The biggest flurry of amateur military pronouncements occurred just before General David Petraeus testified before Congress on the situation in Iraq. Many Democrats publicly dismissed what he said before he said it, and some implied that he was a liar before he opened his mouth.

The real problem is that many Democrats have bet the rent money on an American defeat in Iraq, and without that defeat they could find themselves in big trouble in the 2008 elections.

Politically, the Democrats are caught between Iraq and a hard place. Their left-wing base has been angrily pressing them to cut off financial support for the war in Iraq but congressional Democrats dare not outrage the rest of the country by doing that.

Leaders of the Democrats in Congress have already tried various ways of sabotaging the war effort, with arbitrary timetables for withdrawal and financing the war for only short periods, so that President Bush would be forced to pull out American troops and could then be blamed for the defeat.

But that hasn’t worked either because not enough Democrats in Congress are willing to risk political suicide by obstructing the military in ways too blatant to pass muster with the public.

The next best thing politically for the Democrats is to say that the situation is hopeless. The last thing they need to hear is that there is now some progress in Iraq.

Not only is General Petraeus reporting progress, so have a couple of Brookings Institution scholars who have studied the situation in Iraq — and who are liberal Democrats who had worked for Senator Kerry’s presidential campaign in 2004.

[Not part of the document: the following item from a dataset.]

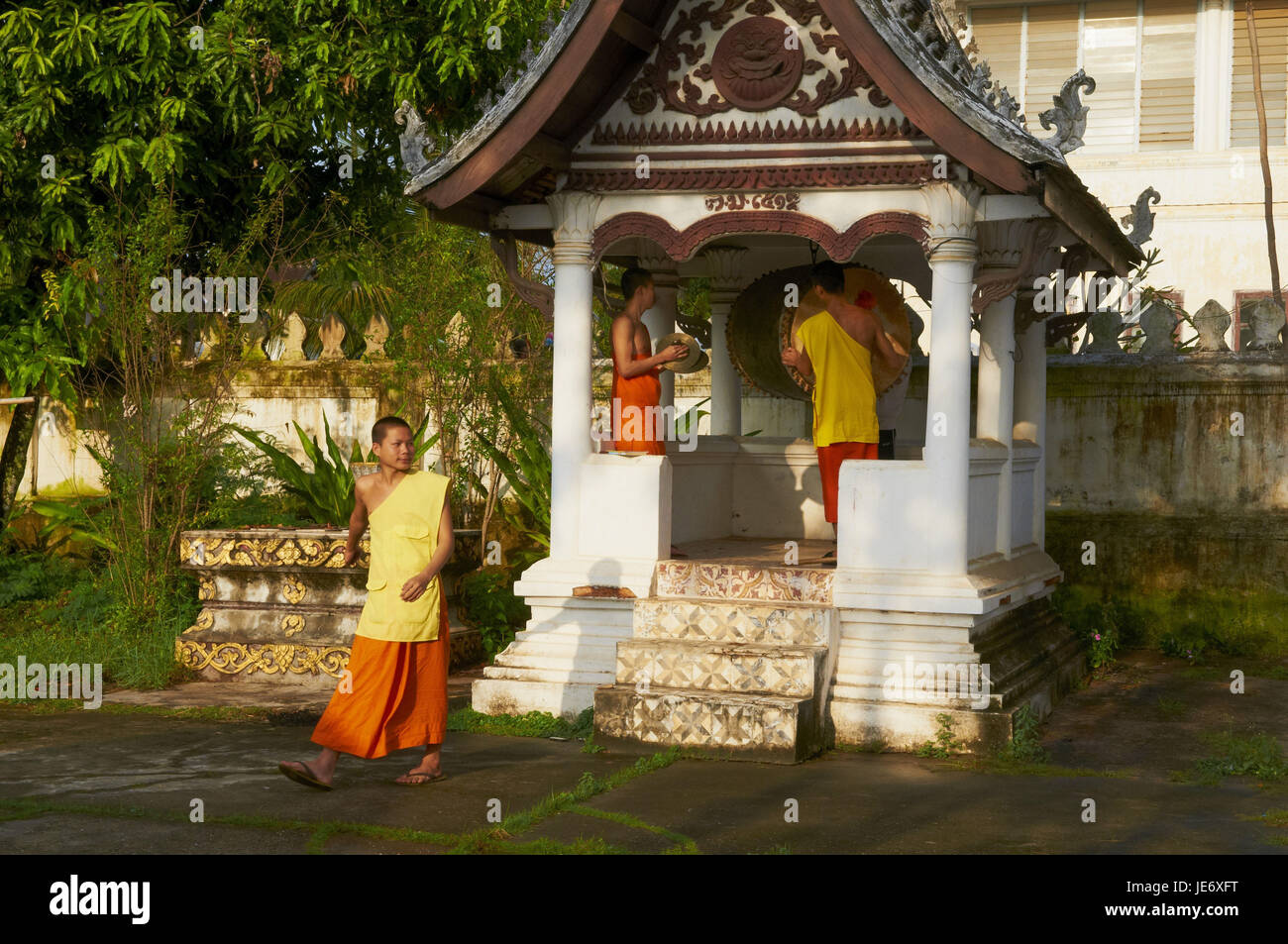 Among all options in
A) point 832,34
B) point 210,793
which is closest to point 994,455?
point 832,34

Progress does not mean inevitable victory, much less quick victory. Nor is it easy to define what “victory” would mean in the messy circumstances of Iraq.

One of most realistic of all the insightful statements by General Petraeus was that “We are not going to kill our way” out of the problems in Iraq.

There has never been a moment when anyone in Congress, the White House, or the military has ever advocated anything other than getting out when the time is right.

All the arguments, the rhetoric, and the shouting is about when is the time right.

Nobody thinks American troops have to stay in Iraq until the last terrorist is killed or driven out of the country. It is a question of reaching the point where the Iraqis themselves can deal with the terrorist and other problems of their country without American troops.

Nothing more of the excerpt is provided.